───── DATA SEGMENT ─────

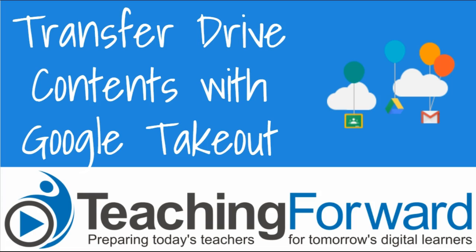This is Jenn Judkins with Teaching Forward. In this tutorial video we're going to take a look at how to use Google Takeout to transfer Google Drive and Gmail content.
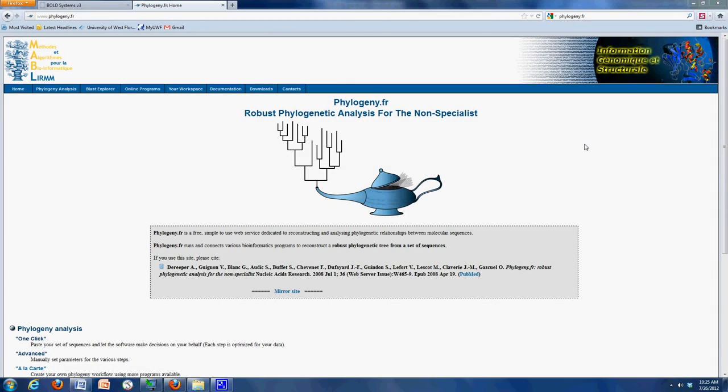Because of the difficulties that we ran into in class yesterday, I wanted to show you this so you could see it for yourself, see how the phylogenetic analysis works.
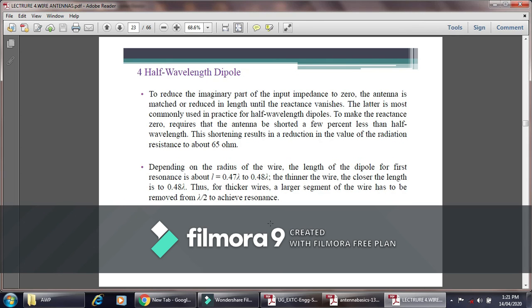From this point we have covered the finite length dipole antenna. I hope you understand the concept. Please like this video, share it, and if you have any doubts, write a comment. Please subscribe to my channel. Thank you very much.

─────

PROBLEM STATEMENT:
What's needed is every line above, retyped exactly and free of pictures.

ANSWER SPACE:
This is Jenn Judkins with Teaching Forward. In this tutorial video we're going to take a look at how to use Google Takeout to transfer Google Drive and Gmail content.
Because of the difficulties that we ran into in class yesterday, I wanted to show you this so you could see it for yourself, see how the phylogenetic analysis works.
From this point we have covered the finite length dipole antenna. I hope you understand the concept. Please like this video, share it, and if you have any doubts, write a comment. Please subscribe to my channel. Thank you very much.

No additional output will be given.